The Discussion Paper "Enhancing Open and Accountable Government" released today by the Solomon Review, has the intended purpose "to raise the major issues that will be considered by the Panel appointed by the Queensland Government to recommend ways to improve and modernise the Queensland Freedom of Information Act 1992".
Full FOI Review Discussion paper
It covers the waterfront by listing a whole range of issues and posing a series of questions that go to the heart of the open government debate - what should legislation seek to achieve in the light of technological and other changes to the Westminster system; how to promote pro active disclosure and access to personal information outside FOI; should the legislation cover the public sector comprehensively, and possibly be extended to others including the private sector; how should the balance be struck between the public right to know and the need for some confidentiality in the conduct of government functions; what are reasonable processing standards and appropriate review mechanisms.
The Paper draws extensively on writings about FOI reform by leading Australian authorities, Rick Snell (so many citations he might reasonably ask for a royalty) and Moira Patterson, and the Canadian Alasdair Roberts.
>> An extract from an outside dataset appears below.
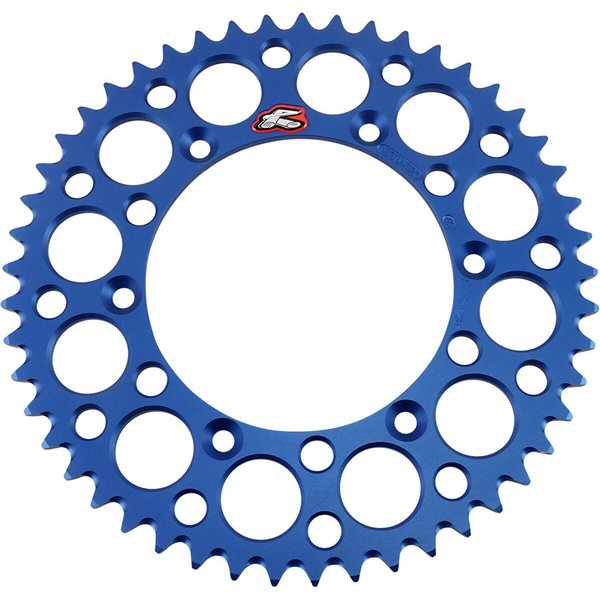 150U-520-49GBBU - Renthal Ultralight Sprocket For Yamaha WRF250 2001-2024 Rear 49T - Blue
It's all very progressive stuff. It will be interesting to see who, if anyone, advocates the status quo or questions what are clearly moves towards what the Premier of Queensland said was her objective in establishing the review: a complete overhaul and an entirely new Freedom of Information Act.
The Paper provides plenty of food for thought for all FOI policy makers around the country. Would that they and their ministers are interested.
Submissions are invited closing 7 March.
The Review Panel and the Australian Law Reform Commission (with a reference on Federal Freedom of Information in the last days of the Howard Government) will hold a joint public seminar on 6 March - contact the Panel Secretary by 29 February.